Photographie

POLITIQUE CULTURELLE MUNICIPALE

Un Château d’eau sous tension

Par Christine Coste · Le Journal des Arts

Le 30 janvier 2019 - 863 mots

TOULOUSE

Le pôle photographique de Toulouse va repasser sous régie municipale, dans l’attente d’un nouveau mode de relation avec la municipalité, mécontente de sa gestion.

Château d'eau
Le Château d'eau, pôle photographique de Toulouse
© Photo : Le Château d'eau

Toulouse. Quelle que soit la suite des événements, l’avenir du Château d’eau, le pôle photographique de Toulouse, ne ressemblera pas à son passé. Après des débats houleux, le conseil municipal de Toulouse a rejeté le 7 décembre dernier la délibération de Francis Grass, adjoint au maire délégué à la culture, qui souhaitait lancer une procédure de délégation de service public pour sa gestion. L’adoption de ce texte aurait signifié une mise en concurrence de projets pour la reprise des lieux, avec une possible sortie de l’association Pace, et donc la fin de l’histoire du Château d’eau, sous sa forme actuelle du moins. Finalement, c’est un scénario d’attente qui prévaut.

Les débats sont à la mesure de l’importance des lieux. Le Château d’eau est en effet une institution photo emblématique de la ville rose, et plus largement de l’histoire de la valorisation de la photographie en France. Le photographe Jean Dieuzaide (1921-2003) y créa en 1974 la première galerie photo municipale, devenue au fil du temps un acteur important dans le soutien à la profession – la richesse aujourd’hui de la collection, qui recense plus de 5 000 tirages, et du centre de documentation en témoignent.

En 1981, la municipalité dirigée par Pierre Baudis en confia la gestion à l’association des amis du Château d’eau rebaptisée « Pace » (Photographie Au Château d’eau), en contrepartie d’une subvention annuelle pour son fonctionnement. Mais de l’eau a coulé sous les ponts de la Garonne et la gestion du Château d’eau est dans le collimateur de la Mairie depuis quelques années. Le désengagement de l’État et de la Région Midi-Pyrénées à la fin des années 1990 et la faiblesse des ressources propres ont contraint la municipalité à financer en grande partie l’institution : une situation à laquelle la Ville voudrait mettre fin.

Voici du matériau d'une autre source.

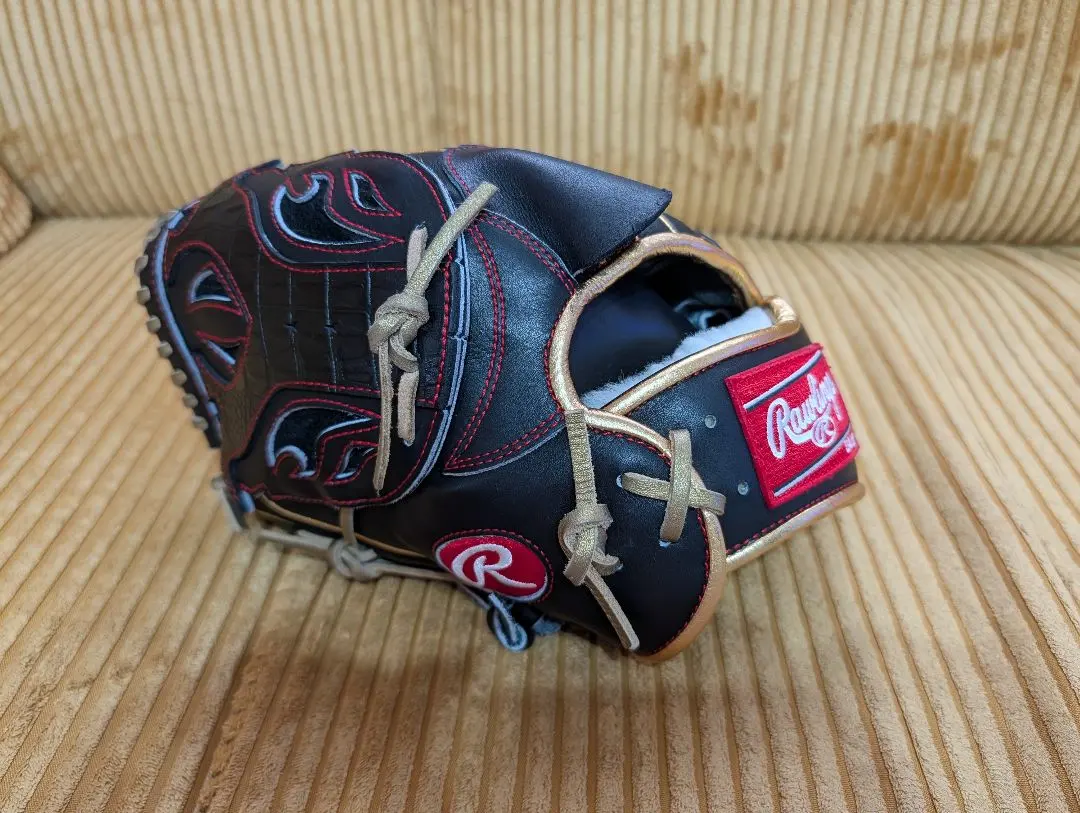 2026年最新】山崎康晃 グローブの人気アイテム - メルカリ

De son côté, Jean-Marc Lacabe, le directeur de l’association et de la galerie du Château d’eau, pointe la diminution des subventions municipales depuis 2015, alors que dans le même temps la Ville soutient de nouveaux acteurs intervenant dans le champ de la photographie tels que le Festival Map et la Résidence 1+2. Bref un climat pesant pour tout le monde. Il est vrai que les subventions de la Ville ont connu une baisse régulière à partir de l’élection de Jean-Luc Moudenc (LR) à la Mairie de Toulouse en 2014, passant de 538 000 euros à 415 706 euros aujourd’hui. Une situation à laquelle sont confrontées d’autres associations. « Elle est la conséquence des baisses à partir d’avril 2014 de la dotation versée par l’État aux collectivités locales », rappelle Francis Grass.

C’est pour mettre fin à cette situation inconfortable que ce dernier voulait confier les lieux à une structure capable de trouver d’autres sources de financement. Il justifie son projet de délégation de service public pour l’exploitation du Château d’eau par l’ordonnance du 19 avril 2017 relative à la propriété des personnes publiques selon laquelle aucune occupation du domaine public ne peut être accordée à durée indéterminée. Face à la levée de boucliers des élus écologistes, mais aussi devant les difficultés d’interprétation de la dite ordonnance, « décision a été prise de faire passer en régie directe le Château d’eau, le temps de réfléchir à une autre solution », explique Francis Grass. Ce transfert devra cependant être voté par le conseil municipal dès que la reprise du personnel (11 employés) « aura été engagée avec les comités paritaires, dans les six mois à venir », précise-t-il.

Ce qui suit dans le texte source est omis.